• Exercise details: What you return must be the full data, repeated verbatim, with no pictures in it.

• Given material:
########################################

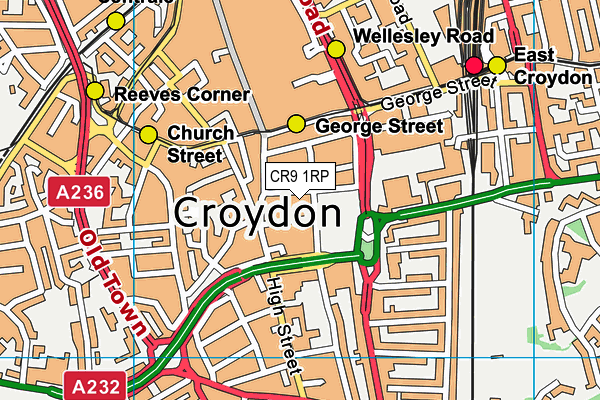 CR9 1RP map - OS VectorMap District (Ordnance Survey)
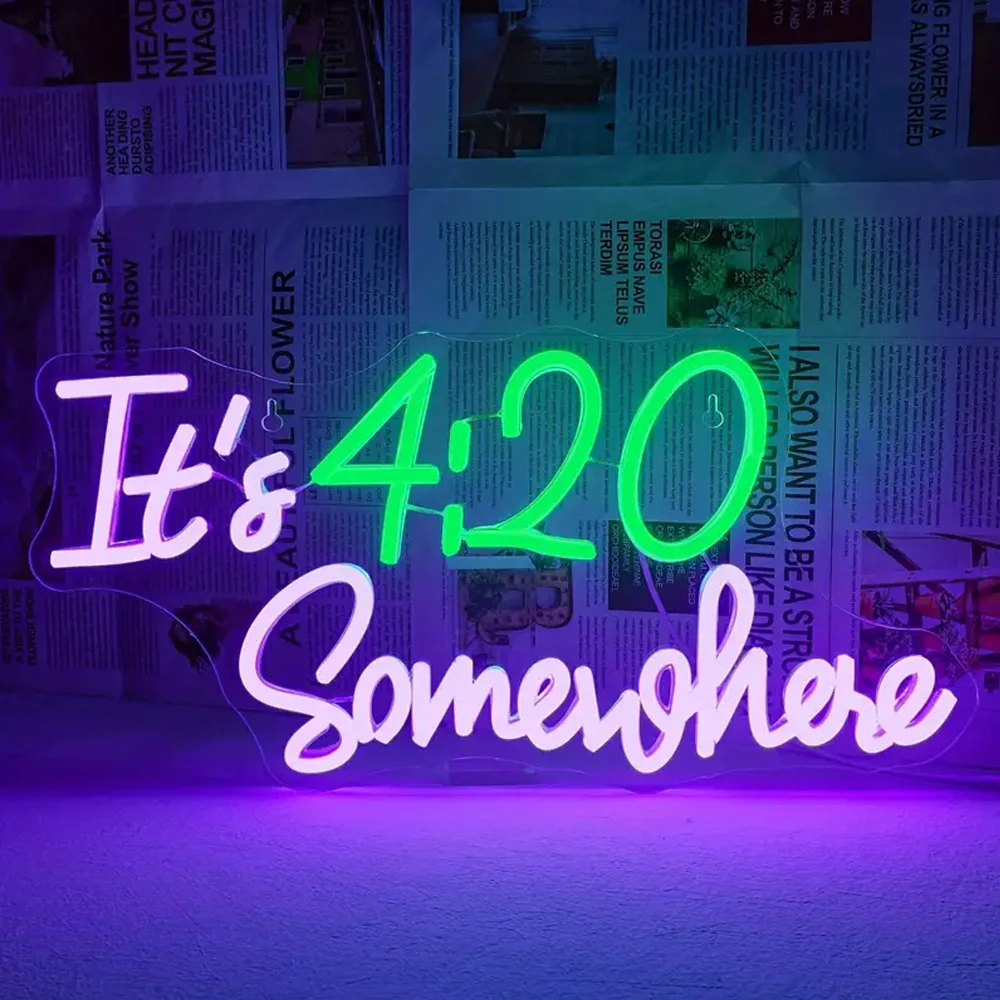 Art Deco Style Neon Sign It's 4:20 Somewhere-Acrylic LED Wall Hanging with Green and Purple Lighting, USB Powered,for Home Decor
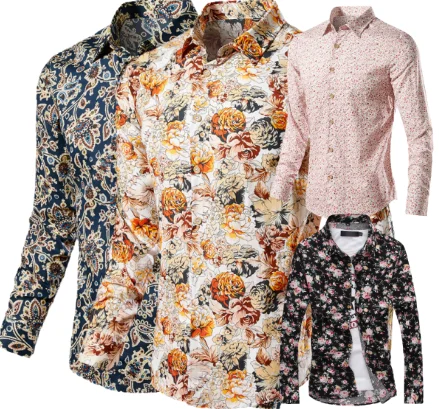 5xl в винтажном стиле; С принтом Camisa Social Формальные с длинными рукавами рубашка 2023 модные Masculina уличная одежда мужские рубашки цветочным узором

########################################

• Solution for this task:
 CR9 1RP map - OS VectorMap District (Ordnance Survey)
 Art Deco Style Neon Sign It's 4:20 Somewhere-Acrylic LED Wall Hanging with Green and Purple Lighting, USB Powered,for Home Decor
 5xl в винтажном стиле; С принтом Camisa Social Формальные с длинными рукавами рубашка 2023 модные Masculina уличная одежда мужские рубашки цветочным узором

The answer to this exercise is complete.